The Astros were limited in this year’s draft, saddled with the league’s smallest bonus pool due to their cheating-related pick forfeitures, but nonetheless received good reviews from onlookers for what they were able to do with their limited resources. Evaluators praised their selection of promising prep arm Alex Santos II with their first selection, and their fifth-round pick, Shay Whitcomb, was seen as an excellent value on day three. To supplement their small number of picks, James Click and company were active in the UDFA market, signing six college players within a week of draft day. Among that group were a few intriguing names- for one, the team brought in Carlos Correa’s little brother, J.C., an infielder out of Lamar, as well as a pair of accomplished college mashers- Mizzou’s Peter Zimmerman and Southeast Missouri State’s Justin Dirden, both of whom had significant power production on their resumes.
The college bats certainly bear monitoring, and could make serious statistical noise whenever Minor League Baseball resumes. With that said, one name from their UDFA crop especially stood out to me in my review of the class- that being Oklahoma’s Zack Matthews. A tanky, 5’11” righty who tips the scales at about 200 lbs., Matthews is far from your prototypical frame, but packs an incredibly live arm that makes him ideal for a professional bullpen. 5’11” righties typically don’t go high in the draft unless their other traits are top of the scale, but that wasn’t the only factor working against Matthews draft stock- the hurler has had some health trouble, including a Tommy John surgery in May. Perfect Game’s Kendall Rogers commented on Twitter that he felt that Matthews could’ve been a top three rounds selection had he not required that surgery
Matthews is a pure fastball-slider pitcher and is capable of running his heater up to 98 MPH with life. His delivery is not without effort, but that’s not surprising given his role, and it isn’t violent like some power armed relief prospects. While he’s unlikely to ever have pinpoint command, his delivery should allow fringe average location which will be enough for his plus fastball to play. His hard slider is an ideal complement to the heater, tunnelling well with good velocity. He’s the type of arm that the Astros love to try out in a hybrid role in the low minors, throwing 3-4 innings per stint with an opportunity to show promise as a starter. I project Matthews as a setup man long term, and a quality one, but it’s worth giving him a go in a more demanding role to see how he responds- occasionally these types of arms can take to the pro game like a fish to water and surprise- but for that to happen with Matthews he’ll need to both develop a third pitch of big league quality, and stay healthy while throwing more innings than he ever has in his career. While these outcomes are certainly possible, they probably don’t represent the most likely scenario.

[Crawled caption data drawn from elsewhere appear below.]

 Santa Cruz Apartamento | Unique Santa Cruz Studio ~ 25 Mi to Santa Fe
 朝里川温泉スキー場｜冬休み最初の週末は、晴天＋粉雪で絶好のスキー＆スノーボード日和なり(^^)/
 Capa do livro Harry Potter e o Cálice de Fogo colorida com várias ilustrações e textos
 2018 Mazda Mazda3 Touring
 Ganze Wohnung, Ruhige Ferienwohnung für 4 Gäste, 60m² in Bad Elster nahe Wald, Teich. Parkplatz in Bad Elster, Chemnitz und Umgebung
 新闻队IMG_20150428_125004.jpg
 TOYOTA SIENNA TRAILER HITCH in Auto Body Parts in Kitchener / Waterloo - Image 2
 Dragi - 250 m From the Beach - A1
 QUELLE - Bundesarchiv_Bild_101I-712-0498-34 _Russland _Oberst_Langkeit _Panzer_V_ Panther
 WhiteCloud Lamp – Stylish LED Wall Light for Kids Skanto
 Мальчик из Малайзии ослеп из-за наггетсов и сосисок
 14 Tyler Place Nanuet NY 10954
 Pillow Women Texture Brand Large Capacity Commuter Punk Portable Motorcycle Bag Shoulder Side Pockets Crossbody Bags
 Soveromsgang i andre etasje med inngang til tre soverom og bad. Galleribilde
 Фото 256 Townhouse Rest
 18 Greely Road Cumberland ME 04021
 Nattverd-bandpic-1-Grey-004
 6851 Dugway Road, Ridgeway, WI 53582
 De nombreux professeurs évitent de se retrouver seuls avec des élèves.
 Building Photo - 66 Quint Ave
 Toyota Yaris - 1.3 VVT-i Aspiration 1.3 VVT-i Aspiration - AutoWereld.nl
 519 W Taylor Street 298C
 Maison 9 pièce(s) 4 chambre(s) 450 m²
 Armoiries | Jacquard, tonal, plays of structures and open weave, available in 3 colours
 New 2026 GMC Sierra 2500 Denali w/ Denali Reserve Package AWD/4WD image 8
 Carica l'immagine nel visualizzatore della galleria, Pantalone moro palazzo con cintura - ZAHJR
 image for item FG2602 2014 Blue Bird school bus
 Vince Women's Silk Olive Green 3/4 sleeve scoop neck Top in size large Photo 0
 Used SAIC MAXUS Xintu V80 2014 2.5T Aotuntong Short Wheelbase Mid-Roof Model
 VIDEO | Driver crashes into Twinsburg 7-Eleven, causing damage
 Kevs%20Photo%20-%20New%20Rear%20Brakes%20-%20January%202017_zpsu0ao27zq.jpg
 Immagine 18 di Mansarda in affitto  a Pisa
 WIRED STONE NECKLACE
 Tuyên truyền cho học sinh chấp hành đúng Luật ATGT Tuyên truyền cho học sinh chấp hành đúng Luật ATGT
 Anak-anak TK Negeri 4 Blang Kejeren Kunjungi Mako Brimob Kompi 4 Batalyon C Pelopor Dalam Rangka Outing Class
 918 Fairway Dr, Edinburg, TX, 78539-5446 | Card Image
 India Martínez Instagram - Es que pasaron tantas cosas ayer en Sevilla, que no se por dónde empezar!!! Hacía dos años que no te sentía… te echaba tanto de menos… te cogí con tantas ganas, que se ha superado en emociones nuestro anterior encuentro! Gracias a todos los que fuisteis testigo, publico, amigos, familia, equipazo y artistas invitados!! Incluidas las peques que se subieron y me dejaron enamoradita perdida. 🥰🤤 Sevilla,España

While Matthews isn’t without his flaws, he’s also a much better arm than his $25k bonus would suggest, and he adds to a growing stable of impressive relief arms on the Houston farm- a group that includes names like Enoli Paredes, Jojanse Torres, Willy Collado and others. It’s easy for me to envision him taking the hill for high leverage innings in the bigs at some point, and that alone makes him an impressive find in the whirlwind UDFA market. Hopefully it won’t be too long before he’s able to take a minor league mound- though when that might be, at this point, is anybody’s guess.